In any case... I wish The Pharmacy Alliance luck, and I truly hope they can succeed in getting us extra pharmacist help, lunch breaks, and some more respect from our store managers. I'm rooting for them. I just won't be fighting along side them.

Sunday, April 6, 2008

What if...

This weekend, I hung out with a few friends of mine. We were at a local get-together, playing cards, and having a few beers. It wasn't anything special, but it was a pretty relaxing evening. In any case, while there, I ran into a girl who I haven't seen since high school, and I spent most of the night talking to her, mostly about her 2 year old son who has Down Syndrome. She found out I was a pharmacist and then started asking me question after question about her son's medication. I didn't mind. She was genuinely concerned, and I was glad to answer whatever questions she had.

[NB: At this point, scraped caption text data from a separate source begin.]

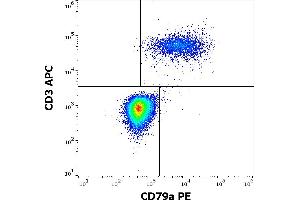 Flow cytometry multicolor surface staining of human lymphocytes stained using anti-human CD79a (ZL7. (CD79a antibody  (PE))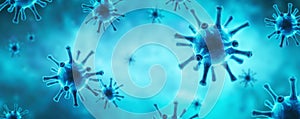 Coronavirus or flu virus banner, 3d illustration, microscopic view of pathogen SARS-CoV-2 corona virus in cell on blue background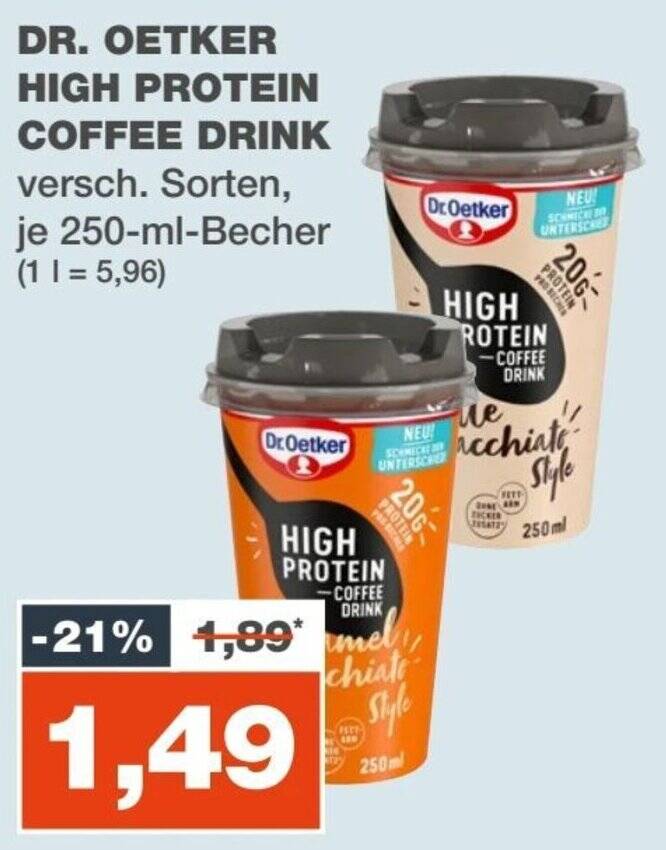 DR. OETKER HIGH PROTEIN COFFEE DRINK 250 ml Becher Angebot bei mein real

The reason I bring this up is because I had the biggest crush ever on this girl when I was in high school. We first met in 8th grade, and I thought she was really annoying at first. You see... If you think I'm bad with women now, you should have seen me in my adolescent days. I literally could not speak to a girl. I'd shake like a leaf the second one said anything to me. I couldn't get a sentence out of my mouth. I was pathetic. For whatever reason, this girl (I'll call her Lisa) took an interest in me. To this day, I have no idea why.

At the end of the school day, we had a study hall period during which we were supposed to be doing our homework. I never bothered doing any work, and since I pretty much got all A's, my teachers never worried about what I did. Well, it was during that time that she continually sat next to me and tried to get me to talk about things. Nothing deep, you know. Just the simple stuff that I seemed to struggle with (i.e. my parents, whether I had brothers and sisters, what I like to do in my spare time, etc.). It was small talk, but before meeting her, I wasn't capable of making small talk. By the end of the year, however, she brought me out of my shell a little bit.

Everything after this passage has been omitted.